Reproduce word for word every line from the one containing "春上新双拉链重磅连帽情侣中性" through the end of the listing below; omit the pictures.

──────── Input material ────────

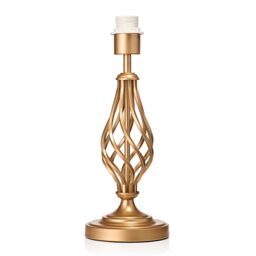 Traditional Sleek Satin Gold Brass Table Lamp Base with Twist Metal Stem Design Gold Gold 1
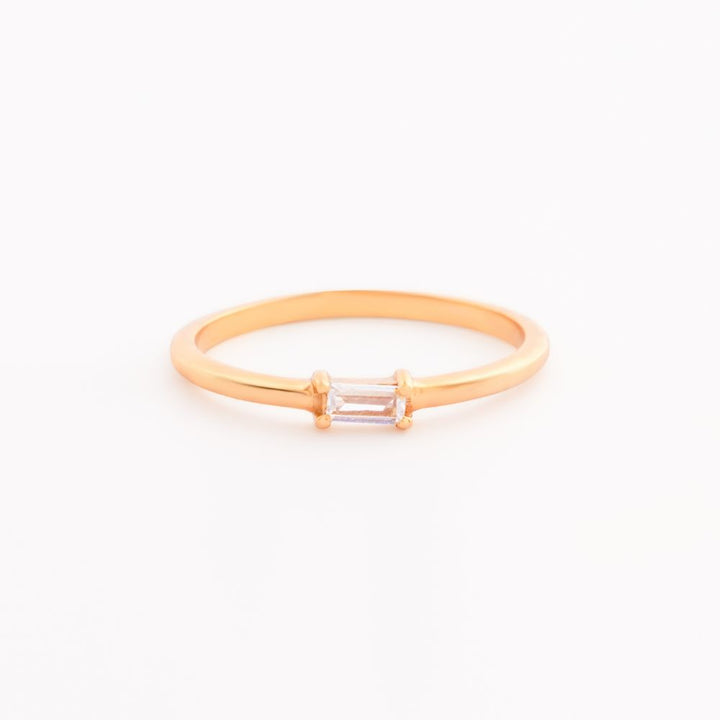 925 Sterling Silver 18K Gold Plated Baguette Ring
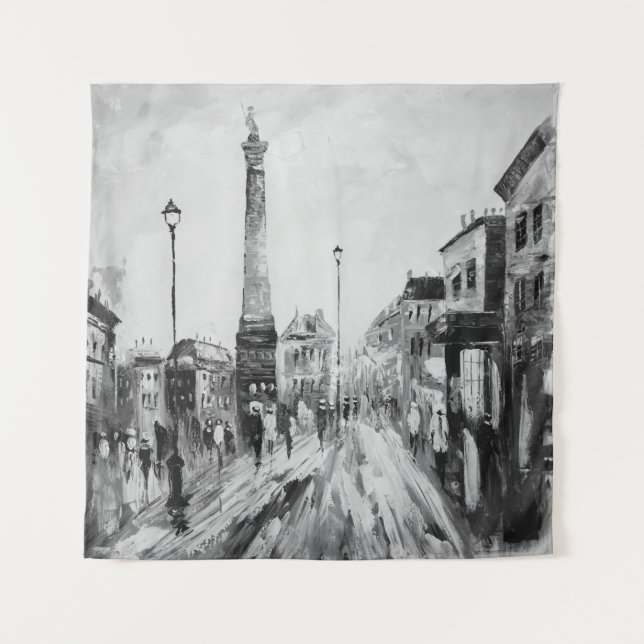 Black and white artistic paintings. tapestry (Front)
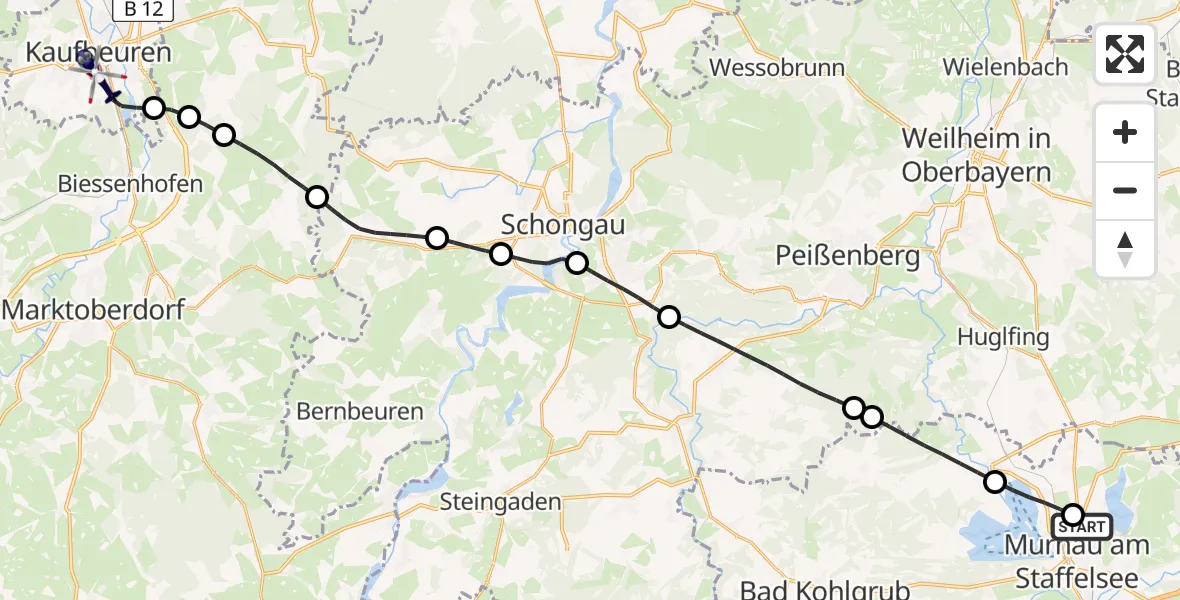 Flugroute Polizeihubschrauber Murnau a.Staffelsee - Kaufbeuren, 19 Juni 2026, 17:11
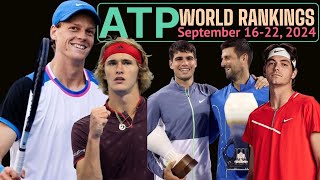 ATP Rankings This Week September 1622 World Top 10 Tennis Players Sinner Zverev Alcarz Top3 [upl. by Alul673]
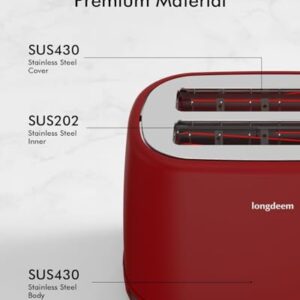 2 Slice Toaster with Extra Wide Slots & Removable Crumb Tray - 6 Browning Options, Auto Shut Off & Frozen Function, Toast Fruit Bread, Bagel & Waffle, Red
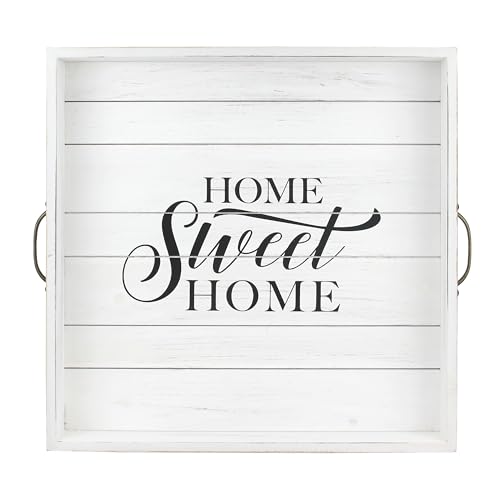 Stonebriar Square Worn White Home Sweet Home Decorative Wooden Tray with Metal Handles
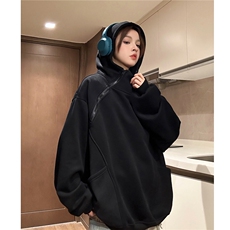 春上新双拉链重磅连帽情侣中性卫衣设计感外套男女H931P68，男装卫衣，电商A341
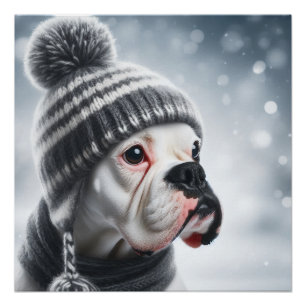 Boxer Dog in Winter Poster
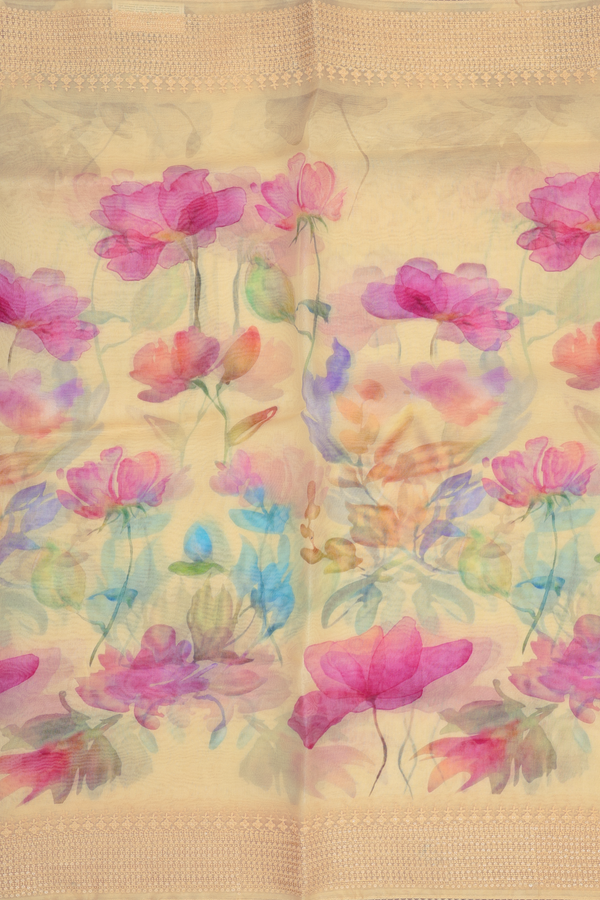 Organza Silk Saree In Yellow With Floral Printed Design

────────

◆ Task response
 春上新双拉链重磅连帽情侣中性卫衣设计感外套男女H931P68，男装卫衣，电商A341
 Boxer Dog in Winter Poster
 Organza Silk Saree In Yellow With Floral Printed Design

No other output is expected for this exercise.